> **Work order**
Output, exactly as written, the lines below from the one that has "Here's a new" through the one that has "Hello YouTube, Dave"; nothing else, and no pictures.

**********

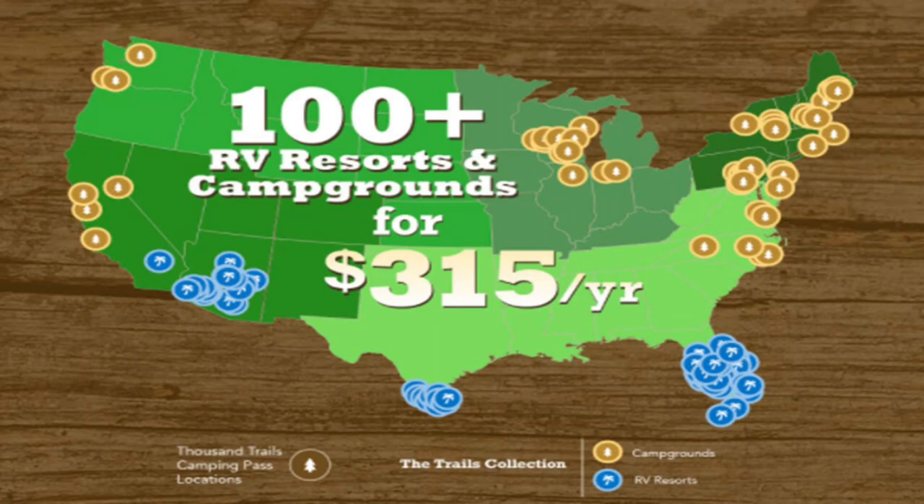That package gets us into about 80 or so campgrounds all around the United States. We also purchased the Trails Collection for $299 — that price may go up or down depending on what Thousand Trails does. That adds about 100 more campgrounds where we can stay for free, for up to two weeks each. We can go from a Thousand Trails park into a Trails Collection park, but you can't go from Trails Collection to Trails Collection.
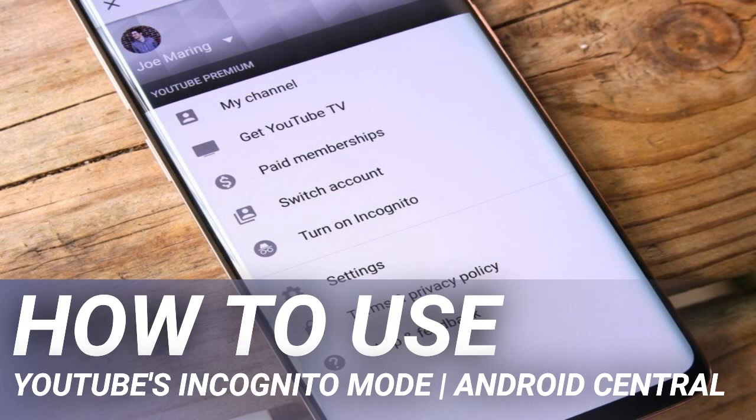As noted in the YouTube app when turning incognito on for the first time, your activity can still be viewed by your internet provider, employer, or school. Lastly, if you subscribe to YouTube Premium, all the benefits that come with it are disabled while using incognito.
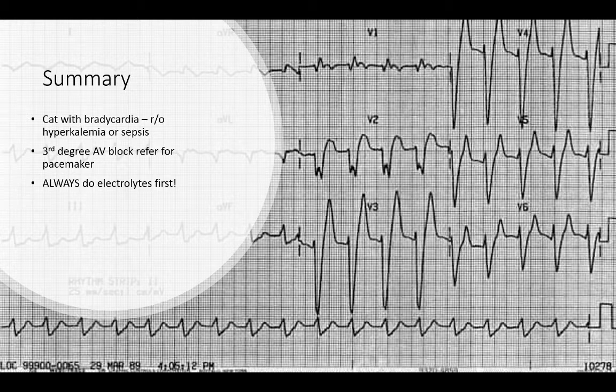If we have an animal with third degree AV block, we will always refer it for a pacemaker. Always do electrolytes first, however, as we have seen severe hyperkalemia in a dog with a ruptured urinary tract that mimicked third degree AV block. So always, always, always do electrolytes first.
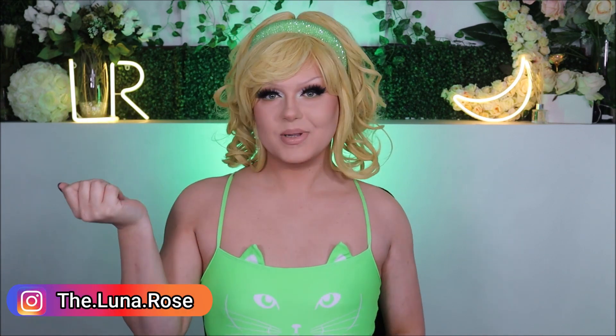Hey everyone, and welcome back to my YouTube channel! Or if you're new here, hello, welcome! I'm Jack, but when I'm in drag I go by Luna Rose, because I'm the flower that blooms at night.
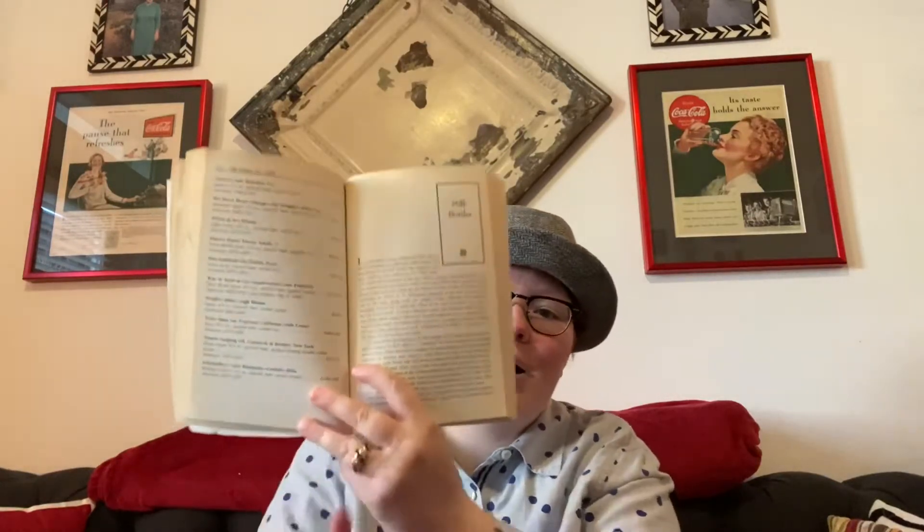She was kind enough to recommend some books for me that I've been studying and reading. The first book is called Bottles, and it's a really interesting book. The first part talks about marks and lips on the bottles, the different kinds, the seams, and all of that. Then the inside has different categories with bottles — like this whole section is just milk bottles.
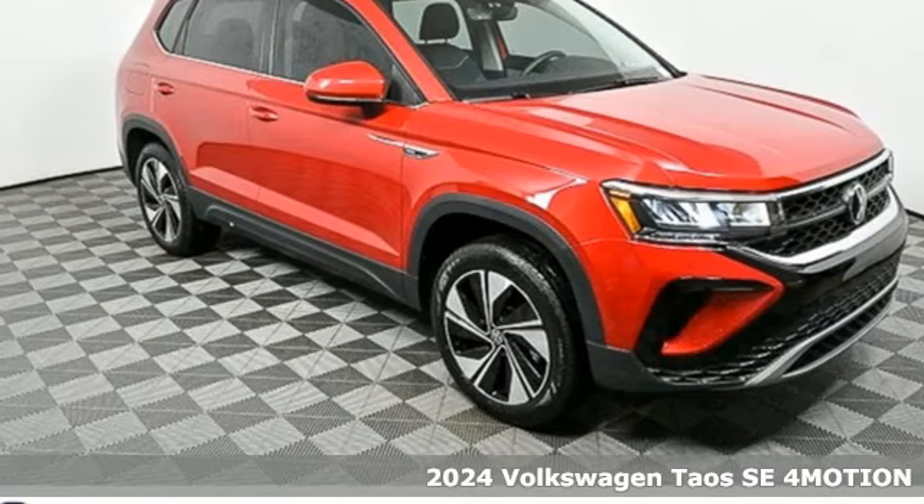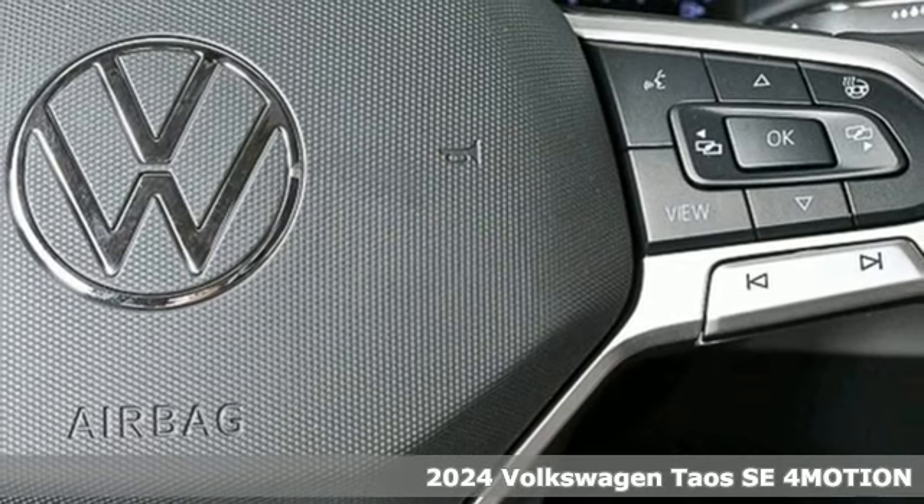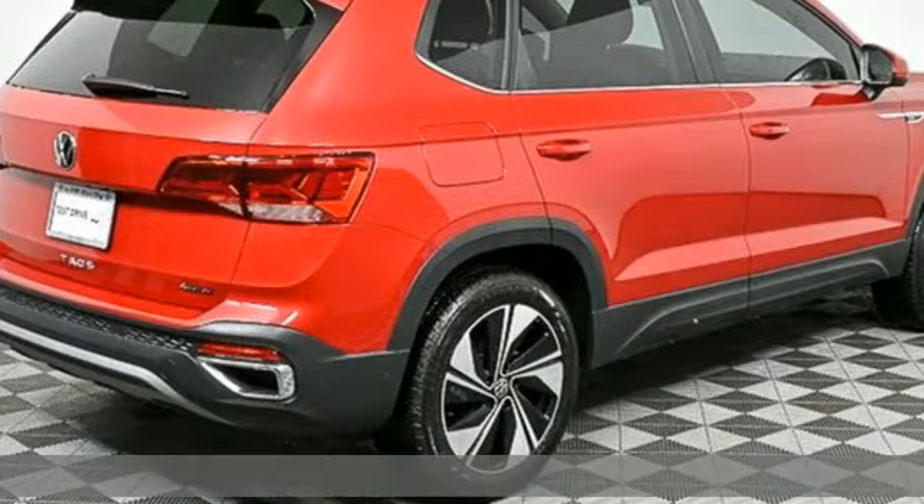Here's a new 2024 Volkswagen Taos. This compact SUV knows you don't have to be big to be bold. Stand out in the just right Taos.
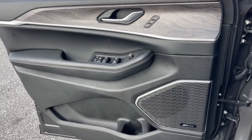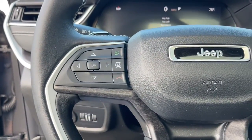You don't have to sacrifice comfort to get all-terrain capability. Drive the Grand Cherokee.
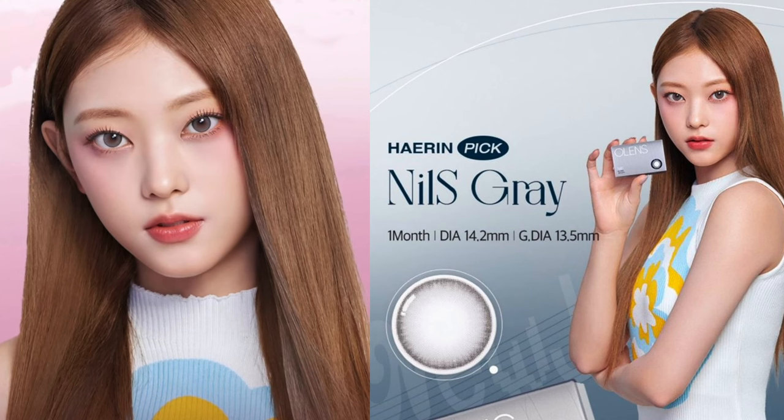They have partnered up with Olens to release five new contact lenses that the muses are currently wearing. Each of the girl group members has a specific contact lens that they're wearing — some are new, some are old. So let's get started. The first one is the Niels Grey, and this is worn by Haerin. Please correct me if I say the names wrong because I can't pronounce all of them. She is wearing the Niels Grey, which was released last year, and the diameter for this one is 13.5 millimeter.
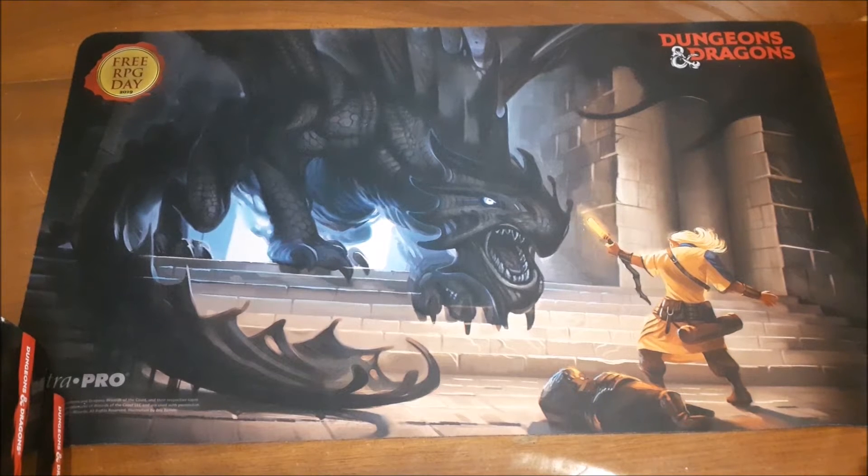Hello YouTube, Dave here again. Welcome to part 2 of my updated D&D 5th Edition Buyer's Guide. In this video, I'm going to be taking a look at accessories for the Dungeons & Dragons game. This is the second part — part 1 focused on the rulebooks, so the core rulebooks and the rule supplement books.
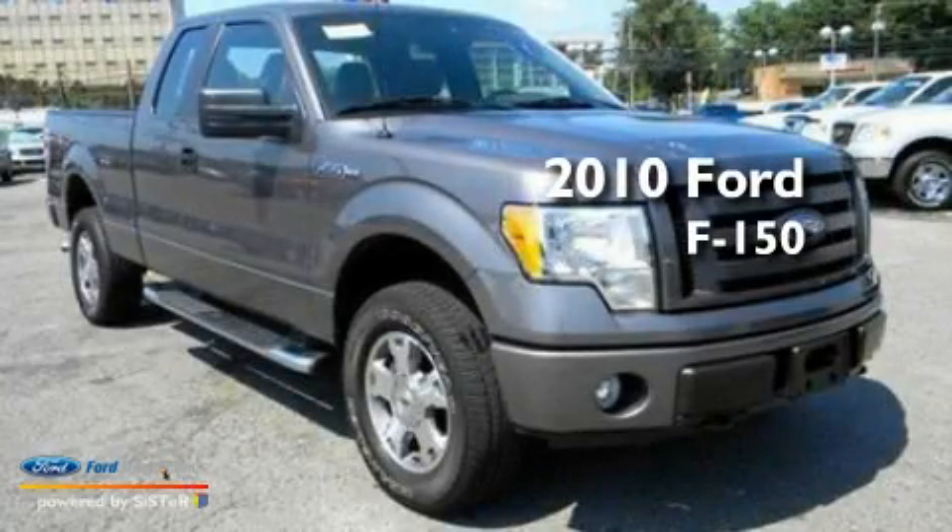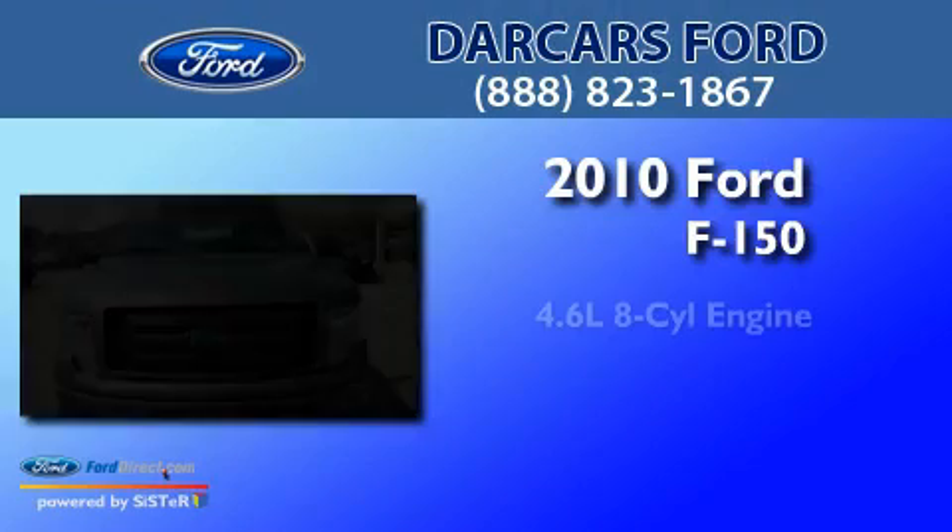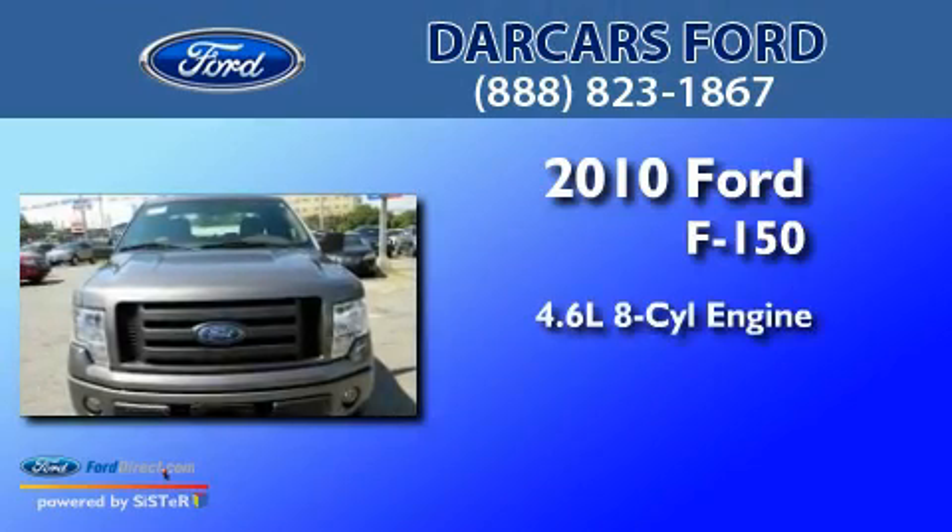This is a 2010 Ford F-150. It has a 4.6-liter, eight-cylinder engine, an automatic transmission, and four-wheel drive.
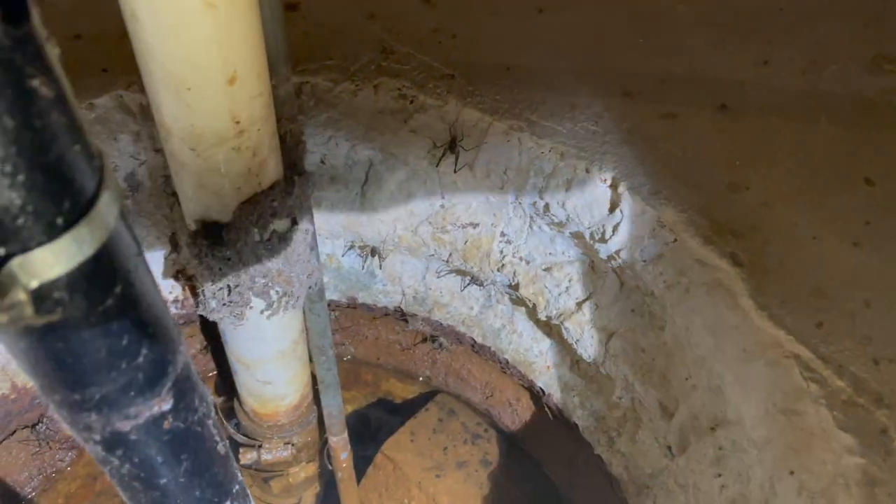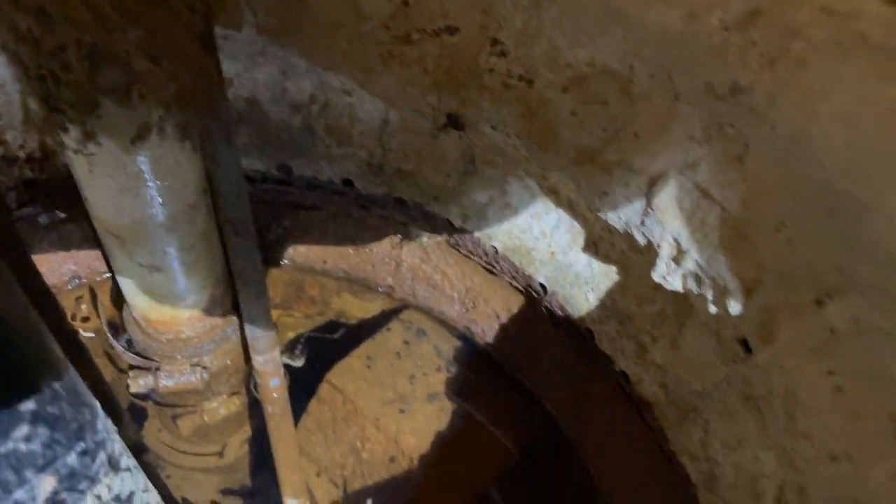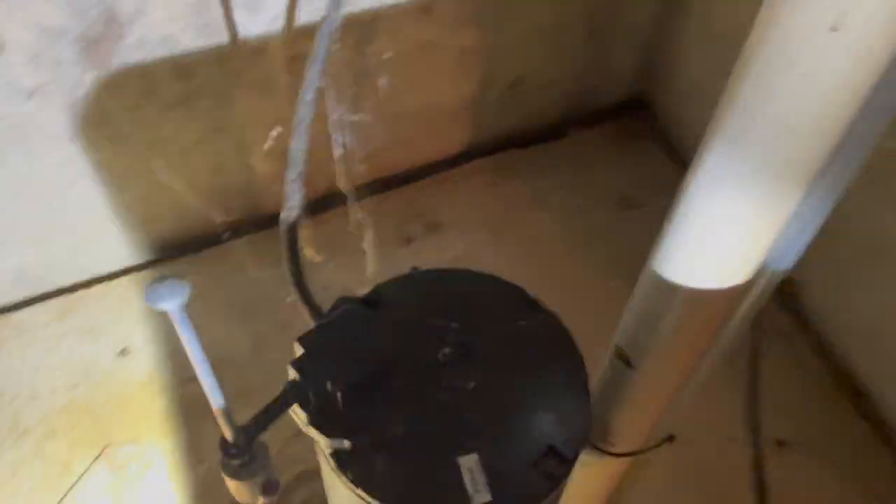Contrary to that popular belief, they're not actually related to the arachnid family. They're commonly found in caves, hence the name cave cricket. But in homes, the most popular areas they like to infest are basements and crawl spaces, mainly because they're dark and moist.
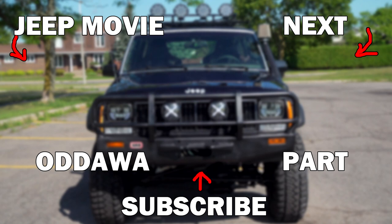Make sure to check out some of our other videos as well as our short film entitled Ottawa, in which we integrated the Jeep restoration process into the movie.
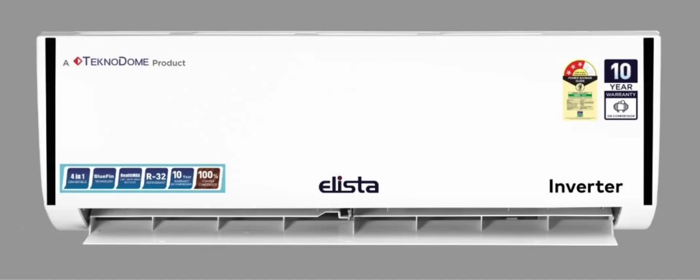Elista enters the AC market in India with three new models. Elista, an Indian electronics manufacturer known for its TVs and speakers, has entered the air conditioner market in the country. This move comes after it expanded its portfolio by entering the smartwatch market back in December 2023.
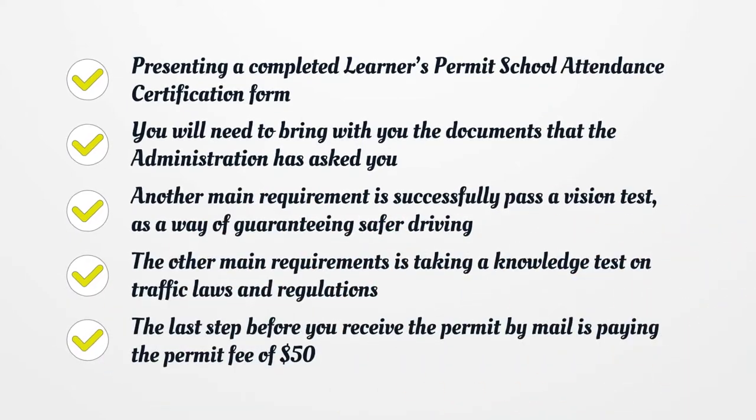You will need to present a completed Learner's Permit School Attendance Certification Form and bring the documents that the administration has asked for. Another main requirement is to successfully pass a vision test, as a way of guaranteeing safer driving. You will also need to take a knowledge test on traffic laws and regulations.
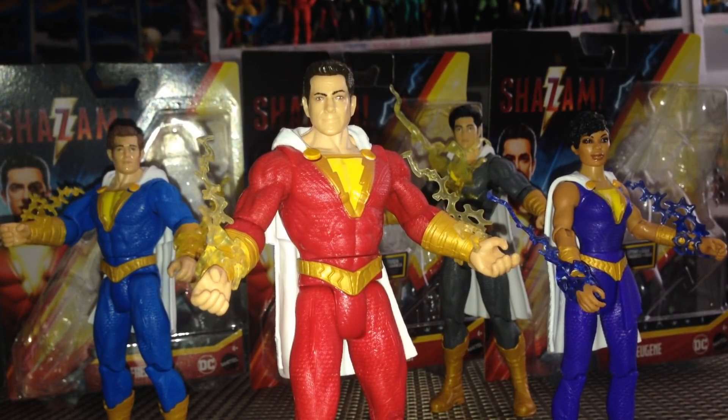That about does it for this action figure review — thank you so much for watching. These are the basic Target Shazam figures: Shazam, Freddy, Darla, and Eugene. Great price point at $10 a piece. I'm very excited for Mary and Pedro and the Shazam Hot Wheels and anything else we may find. Keep it right here at my channel — as I find new stuff I will absolutely review it. YouTube, thank you for the likes, comments, shares, and subscriptions. Once again, I'm Brandon — thanks for watching.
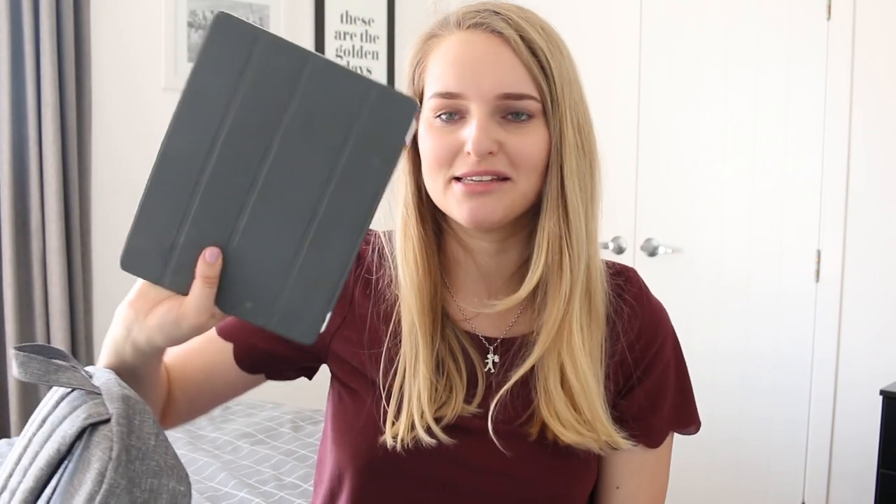Moving on to the big pocket of my bag, the first thing is Nick's iPad. I feel like it's first generation, but it's got a big enough screen that we can watch stuff at the airport without being on our phones chewing through data or wasting the battery.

**********

> **Exercise solution**
Here's a new 2024 Volkswagen Taos. This compact SUV knows you don't have to be big to be bold. Stand out in the just right Taos.
You don't have to sacrifice comfort to get all-terrain capability. Drive the Grand Cherokee.
They have partnered up with Olens to release five new contact lenses that the muses are currently wearing. Each of the girl group members has a specific contact lens that they're wearing — some are new, some are old. So let's get started. The first one is the Niels Grey, and this is worn by Haerin. Please correct me if I say the names wrong because I can't pronounce all of them. She is wearing the Niels Grey, which was released last year, and the diameter for this one is 13.5 millimeter.
Hello YouTube, Dave here again. Welcome to part 2 of my updated D&D 5th Edition Buyer's Guide. In this video, I'm going to be taking a look at accessories for the Dungeons & Dragons game. This is the second part — part 1 focused on the rulebooks, so the core rulebooks and the rule supplement books.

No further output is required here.